Think about all of these shady personalities who are getting targeted by the federal investigation. One of the commonalities between them is that they’re not talking. Manafort or Kushner or any of those guys wouldn’t come out and start blabbing on live TV about what they think about Donald Trump – and maybe if they did, we would respect them a little more.
They wouldn’t do that partly because any continued defense against the special product prosecutor hinges on taking the fifth in a lot of very specific ways.

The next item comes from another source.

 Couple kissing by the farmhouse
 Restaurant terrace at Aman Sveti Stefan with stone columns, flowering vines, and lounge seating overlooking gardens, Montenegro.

Of course Trump himself is all about blurting, but even he has some limits and some filters that work in the sense of self-preservation to keep him from spilling his own beans in ways that reporters and law enforcement would jump on.
As I continued to think about what Nunberg read into the public record today, I started seeing the spate of news articles coming out around this problematic daily news cycle — calling Nunberg things like bizarre and erratic and disturbed.
I even saw some journalists politely wringing their hands about the airing of Nunberg’s statements — questions around whether or not he was being exploited or whether there is a sense of decorum that should exist in the press.
This seems particularly disingenuous to me and furthers my interest in promoting the kind of transparency that Nunberg brought to the table.
No, there shouldn’t be decorum, and there shouldn’t be any kind of curtailing of this kind of public testimony. If a person is willing to say those things on the record — you should let them — actually, that’s part of your responsibility to let them, to get those words out there – because that’s really what’s up, not the whitewashed spin coming from White House press flacks. Why do you think everybody read Wolff’s book?
Another thing that the Nunberg case brought to mind is how damnably reticent our print and broadcast media are about reporting anything that’s sensational at all. So much of our news is rigidly curated — drained of all cadence and color, scripted to a T. A quote that makes somebody look bad will be pulled out — because it’s bad for business. Acrimonious exchanges are edited in the interest of not inflaming the readership.
Meanwhile, the civic fabric of our country is in flames. Everybody’s messing with everybody else, and chaos is the order of the day. But you won’t really get that from TV, and you definitely will not get it from most local newspapers. Oh, you’ll get headlines with a two second sound bite – but you won’t get the kinds of backbiting, huckstering and all-out melee that are the hallmark of this administration. They’re usually behind the curtain.
Maybe Nunberg, the political trickster, was onto something. He just doesn’t want to hurt his friend Roger who, as he points out, he’s been through a lot with. He doesn’t feel like being bothered with a bullshit subpoena. He decided to put it all out there – even though it makes him look kind of like a moron. In the jaded halls of Washington, there are worse ways to go.